We love stories of individual achievement but of course what we can accomplish on our own is - at best - akin to what Usain Bolt can do racing against the space station. Progress is dependent on social inventions, social constructs and institutions as varied as language, schools, guilds, and romance. 

The social inventions that are most powerful are the ones that make our world bigger. We have a natural love and concern for our family but that's a pretty small group. In fact, families are getting smaller all the time. Interdependence among families is not enough to get us to our current standard of living.

Religion seems to have been the first social invention that successfully expanded the trusted in-group from kin to something that encompassed not just neighbors but even strangers. The Kaaba in Mecca is the magnetic pull of the pilgrimage of Muslims. Even before Mohammed and the birth of Islam, this was a place that attracted pilgrims who came to worship the many gods within it. (Later, these many idols were destroyed in honor of Allah.) Mecca became a wonderful place for two reasons: one could go to worship and feel wonder and it was a safe and holy place where no war was allowed but trade was. This - safety that allowed trade but not battle - was the stepping stone from nomadic tribes to the rise of an Arab civilization that gave us the zero, algebra and Rumi.

Throughout history one thing has been clear: progress follows from the expansion of our institutions to include more people. The bigger the group, the more specialization, experimentation, creativity and abundance that is allowed. The bigger the group we're a part of, the more abundance. 

I worked with a startup on Google campus this year. One department had hard-to-find specialists who developed robotic sensors. There were only five people in the group but they came from five different countries: South Korea, China, Poland, Turkey, and Iran. This new venture brought in the best people it could find and it drew them in from every country. (Actually, it was the universities that did; robotics programs at John Hopkins, Stanford, and Vanderbilt had already brought these people from their home countries.) If you want the best, you draw from around the world.

Whether it is finding the best programmers in Silicon Valley or best frankincense and myrrh in Mecca, progress means drawing from a wide circle.
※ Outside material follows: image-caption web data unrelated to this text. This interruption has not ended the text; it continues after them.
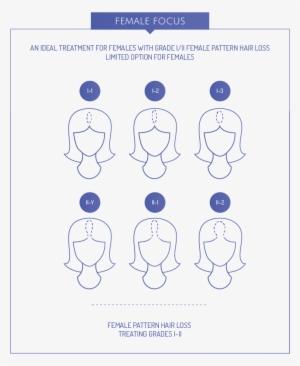 Kerastem Female Focus - Illustration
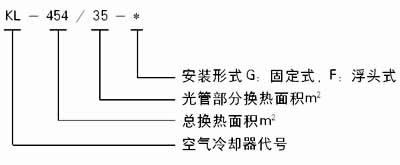 2024原材料网1688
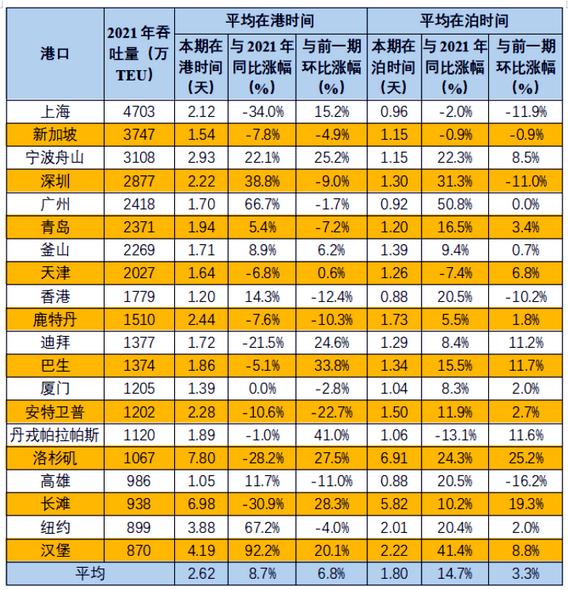 官方通报：中国港口船舶平均在港时间保持平稳，欧美变长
If you can draw only from a circle 100 miles in circumference "best" will be much less impressive than if you can draw from around the globe.

Progress comes from a more expansive definition of "us." Regression comes from narrowing that definition of us to something smaller, "more pure." Nigel Farage in the UK was a chief voice in the Brexit movement, an attempt to protect the UK from the corrupting influence of immigrants.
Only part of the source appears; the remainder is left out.